Then, we built the nomogram in the METABRIC training cohort based on a multivariate Cox regression model (Figure 4a). In the TCGA cohort and the CICAMS cohort, we calculated the score for each patient individually based on the nomogram. The 5-year RFS was then predicted for both cohorts. ROC showed that the nomogram was a good predictor of 5-year RFS in patients in both the TCGA cohort (AUC = 0.72) and the CICAMS cohort (AUC = 0.83) (Figure 4b).
Figure 4

(a) Nomogram of early-stage breast cancer based on CNAB11 score and clinical characteristics. (b) Receiver operating curve of 5-year relapse-free survival in TCGA and CICAMS.

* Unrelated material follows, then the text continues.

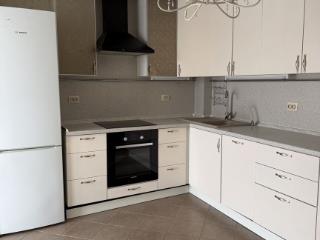 3-комн. квартира, 93 м², 3/5 этаж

3.6. Differences in CNA and Expression Profiles of Different CNAB11 Groups

We analyzed the CNA differences between the CNAB11 high and CNAB11 low populations using Fisher’s test. For the TCGA cohort, the differential CNA between the CNAB11-high and CNAB11-low populations was distributed on almost all chromosomes, but was most significant on chromosomes 6, 9, 17, and 20 (Figure 5a). For the CICAMS cohort, differential CNA was scattered on most chromosomes, but most densely on chromosome 14 (Figure 5b).
Figure 5

The differential CNA between the CNAB11-high and CNAB11-low populations in (a) the TCGA cohort and (b) the CICAMS cohort.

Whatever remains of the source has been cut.